Pitkin's troubles, however, do not end with his death. He is exploited as a martyr by the National Revolutionary Party, a political organization led by right-wing populist Shagpoke Whipple, a failed banker and manipulative former American president. Pitkin's birthday becomes a national holiday, and American youths march down the streets singing songs in his honor. Whipple speaks out against aliens and calls for a rejection of "sophistication, Marxism and International Capitalism." The novel ends with a series of roaring "hails" from the crowd.

==Literary significance and criticism==

Pitkin's pathetic inability to conform to society's standards, or to the "American" way of life, is the main cause of his repeated failures. Nevertheless, there is something admirable in Pitkin's naïve persistence, as West wrote in a letter to S. J. Perelman:

Suppose he had the Horatio Alger slant and was a guy who was trying to get one foot on the ladder of success and they were always moving the ladder on him, but they couldn’t touch the dream.

West not only parodies Alger by mimicking his prose style, but he also lifted several passages directly from a number of different Alger novels.

In A Cool Million, West presents Italian slavers, Chinese pimps, brutal Irish cops, and greedy Jewish lawyers. Though most of the early criticism dismissed the novel as too direct a parody to have any real literary merit, it is seen by some as an early example of postmodernism.

Harold Bloom includes A Cool Million in his list of canonical works of the period he names the Chaotic Age (1900–present) in The Western Canon. Bloom also deems the rhetoric used by Shagpoke Whipple as prophetic of such presidents as Ronald Reagan.

==Publication history==
West began writing A Cool Million in the fall of 1933. A handwritten first draft was completed in November. Though Harcourt, Brace rejected the novel, West continued to work on it until it was finally accepted by Covici-Friede in March 1934. The novel was published in New York City in an edition of 3,000 copies to mixed reviews and poor sales; it was not reprinted in West's lifetime.
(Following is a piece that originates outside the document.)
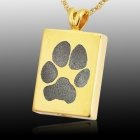 Oblong Paw Tag 14k Gold Print Cremation Keepsakes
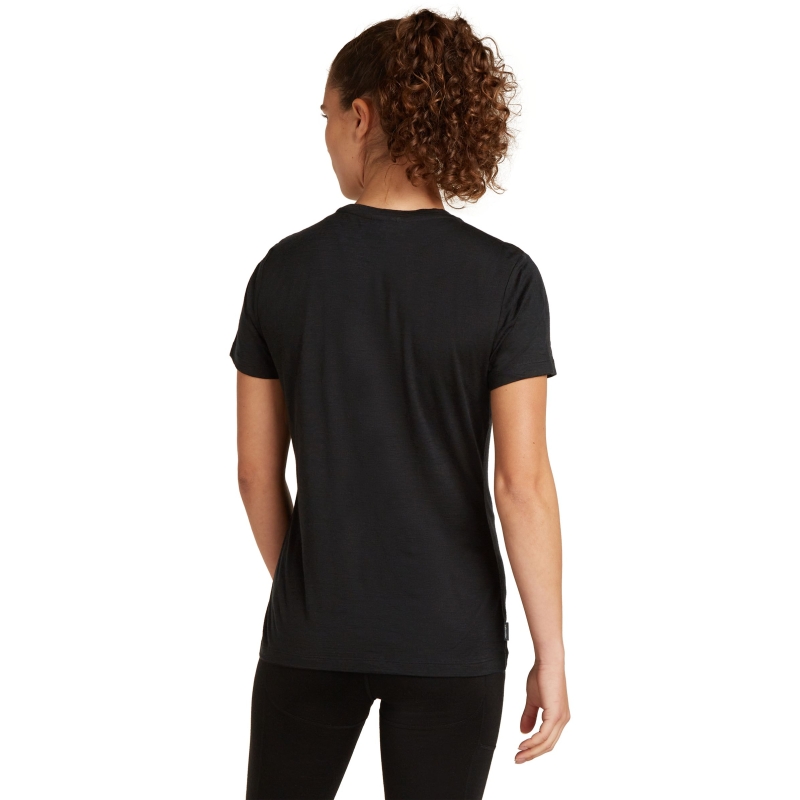 Icebreaker Mer 150 Tech Lite SS Tee Airbourne Squ Women's Black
The novel later appeared in several reprints starting from 1940, following West's renewed fame, and was collected in a single volume edition of the complete novels, as well as in the Library of America edition of West's collected works.

==A Cool Million - a screen story==
In September 1940, West wrote an original screen story in collaboration with Boris Ingster. They used A Cool Million as their title, though the story had nothing to do with the novel, hoping that a studio would pay more for a story allegedly based on a published book. West was certain that no one would actually read the book to check whether the screen story had any relation to the novel. On September 24, 1940, Columbia Pictures bought the story for $10,000 and assigned it to screenwriter Sidney Buchman. However, the studio soon abandoned the project, and A Cool Million was never filmed. The text of the screen story appears in the Library of America's edition of West's work.